How it was necessary to be engaged in optimization of request of PostgreSQL and that from all this turned out.
Why did you have to? Yes, because the previous 4 years everything worked quietly, calmly, as the clock ticked.
As an epigraph.
')
Based on real events.
All names are changed, coincidences are random.When a certain result is achieved, it is always interesting to remember that something was the impetus for the beginning, where it all began.
So, what happened as a result was briefly described in the article “
Synthesis as one of the methods for improving PostgreSQL performance ”.
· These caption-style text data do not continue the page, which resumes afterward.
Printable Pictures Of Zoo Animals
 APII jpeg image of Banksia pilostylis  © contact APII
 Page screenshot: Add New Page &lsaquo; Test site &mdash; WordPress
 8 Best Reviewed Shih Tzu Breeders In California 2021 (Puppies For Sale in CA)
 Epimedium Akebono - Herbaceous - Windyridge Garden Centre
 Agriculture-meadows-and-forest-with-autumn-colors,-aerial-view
It will probably be fun to recreate the chain of previous events.
History has kept the exact start date - 2018-09-10 18:02:48.
Also in the history there is a query that started it all:
Problem requestSELECT
p. "PARAMETER_ID" as parameter_id,
pd. "PD_NAME" AS pd_name,
pd. "CUSTOMER_PARTNUMBER" AS customer_partnumber,
w. "LRM" AS LRM,
w. "LOTID" AS lotid,
w. "RTD_VALUE" AS RTD_value,
w. "LOWER_SPEC_LIMIT" AS lower_spec_limit,
w. "UPPER_SPEC_LIMIT" AS upper_spec_limit,
p. "TYPE_CALCUL" AS type_calcul,
s. "SPENT_NAME" AS spent_name,
s. "SPENT_DATE" AS spent_date,
extract (year from "SPENT_DATE") AS year,
extract (month from "SPENT_DATE") as month,
s. "REPORT_NAME" AS report_name,
p. “STPM_NAME” AS stpm_name,
p. "CUSTOMERPARAM_NAME" AS customerparam_name
FROM wdata w,
spent s,
pmtr p,
spent_pd sp,
pd pd
WHERE s. "SPENT_ID" = w. "SPENT_ID"
AND p. "PARAMETER_ID" = w. "PARAMETER_ID"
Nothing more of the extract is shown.